The sound, with its combination of loneliness and the promise of at least a filling meal, touches the wanderer’s heart

The Chishang Bento is more than just a sound associated with the feeling of train travel, however; it is a witness to the transformation of Chishang over the past 100 years. Large scale rice cultivation and the train line, in fact, are inextricably related. Expansion of irrigated paddy land in the Rift Valley was coordinated with the development of the narrow gauge railway between Taitung and Hualian Harbor in the early twentieth century. In the intervening years, the Chishang Bento has increased in fame. It is now iconic, perhaps because of the nostalgic relationship between agriculture, trains, and the past in a Taiwanese historical imagination. Partially, this imagination has been fed–literally–in consumption of the Chishang Bento boxes, now not an absolute necessity, but hearkening to a time when travel to or from Taitung took much longer than the six hours it takes today. It would be interesting to see whether one could track label designs for the wood slat bento boxes and consumption patterns to track the intersections of provisioning, nostalgia, and development at play in the history of the Chishang Bento.

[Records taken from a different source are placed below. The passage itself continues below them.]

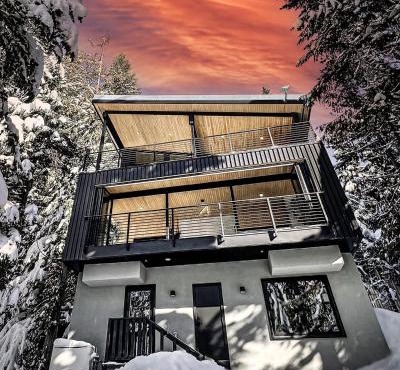 RAVN HAÜS - Oregon's Premier Alpine Retreat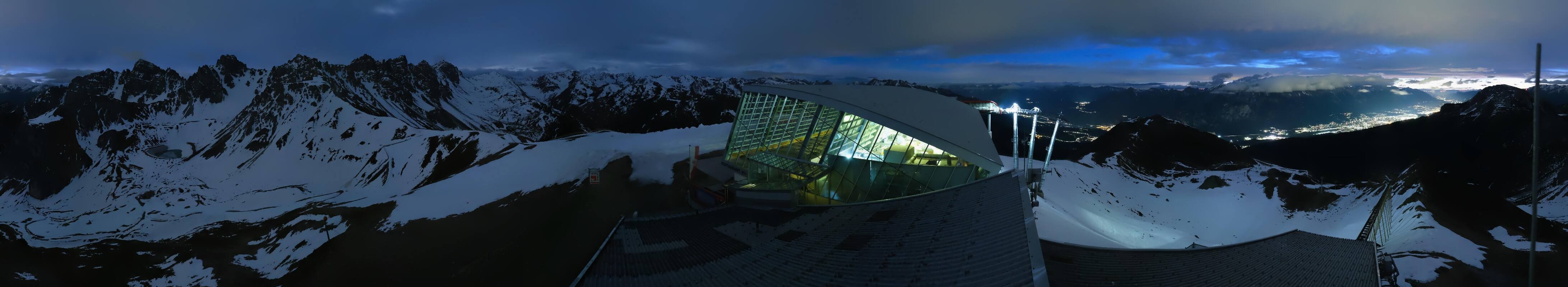 Archiv Foto Webcam Axamer Lizum: Bergstation Olympiabahn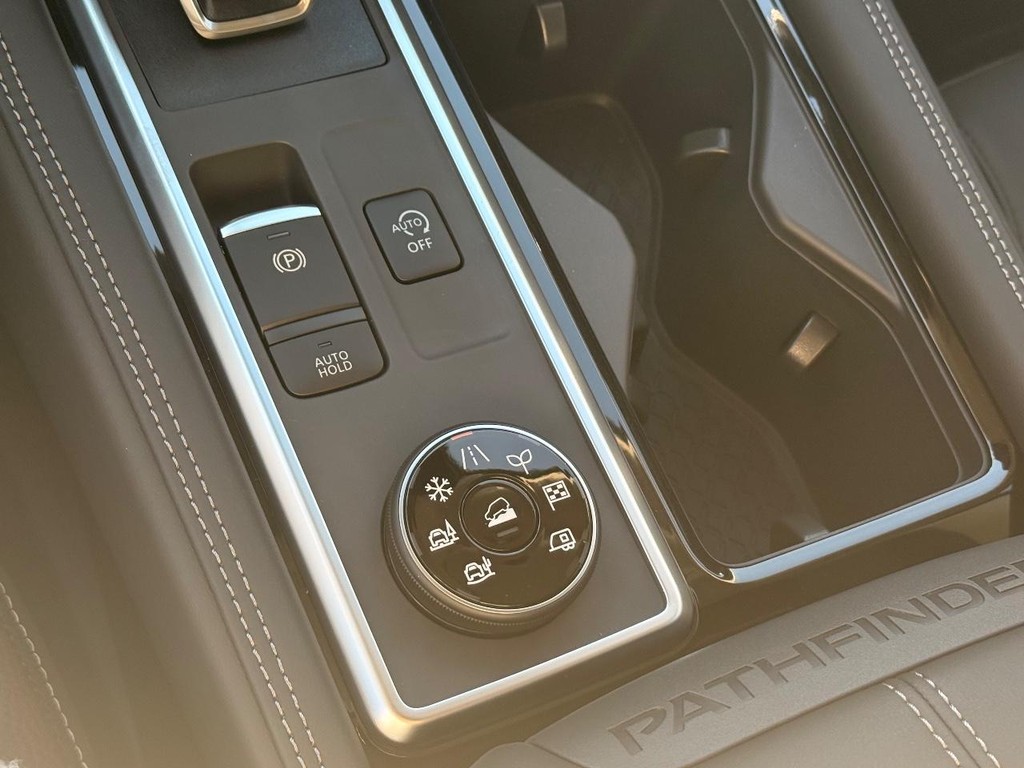Nissan Pathfinder Vehicle Full-screen Gallery Image 10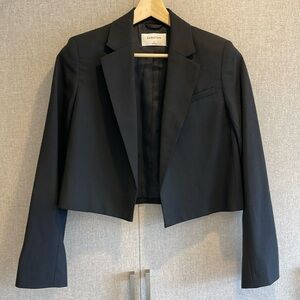 NWOT Aritzia Babaton Wool Suiting Fabric Cropped Blazer Sz S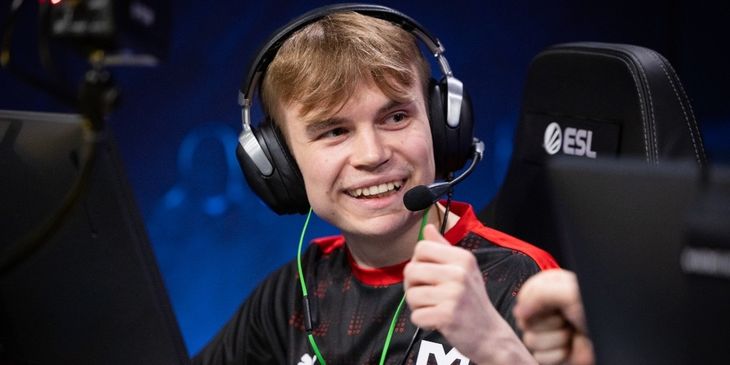 MOUZ одолела Team Spirit и вышла в плей-офф BLAST Open Lisbon 2025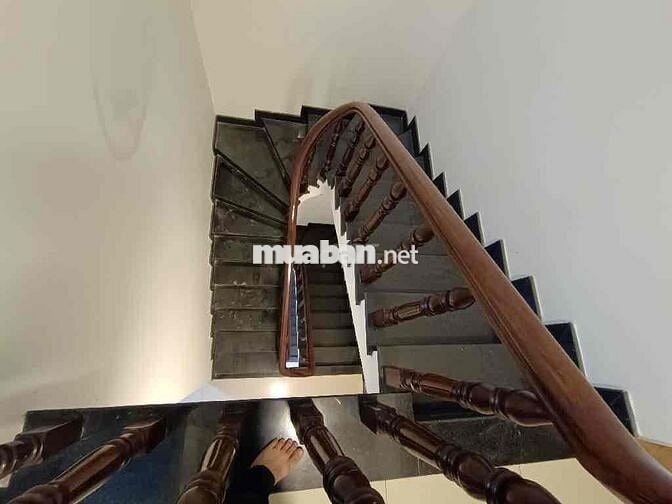 Nhỏ 6T -có  nhà 4 tầng tại Phú thuận q7  - dt 4 x 12   4pn -5 wc - giá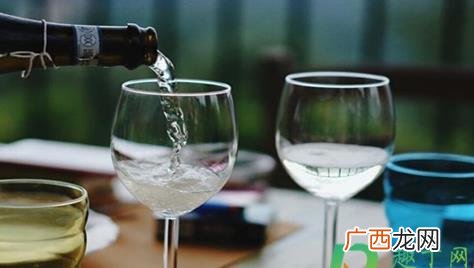 聚餐怎么敬酒领导表示感谢 酒桌上敬酒时怎么说感谢的话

Although we might not recall this history each time we hear the vendors’ call, this sound of Taiwan’s Eastern Line captures the history of the island’s development and the postmodern desires of Taiwanese people today to experience that history anew

哇!終於到池上,可以吃池上便當喔!

池上便當之所以有名,來自池上米,因日治時期列為進貢物品,有貢米之稱,再加池上具有台灣最乾淨的水源,所以池上便當成為搭乘台鐵時大家會想購買的特產

不過我喜歡池上便當,不只是因為好吃, 我覺得池上便當形成了花東線 soundscape (音響景觀)中的一個奇觀,就是池上便當的叫賣聲!
池上便當的叫賣聲,很特別,月台上的便當販都將聲調修改,兩個字都啦的很長很長,在東部寧靜的夜晚,這種叫賣聲觸動了遊子的心

ㄅ—————ㄣ ㄉㄜ————-ㄥ!

不過,池上便當叫賣聲,有其歷史背景,池上水田農業生產的發展,跟台鐵息息相關,從日治時期水田面積擴增和窄軌鐵路在花東縱谷開通到1970年代品種改良和北迴線通花蓮,農業生產跟鐵路有關連,當我們聽便當的叫賣聲,可以感覺到
下次經過池上,聽聽看吧!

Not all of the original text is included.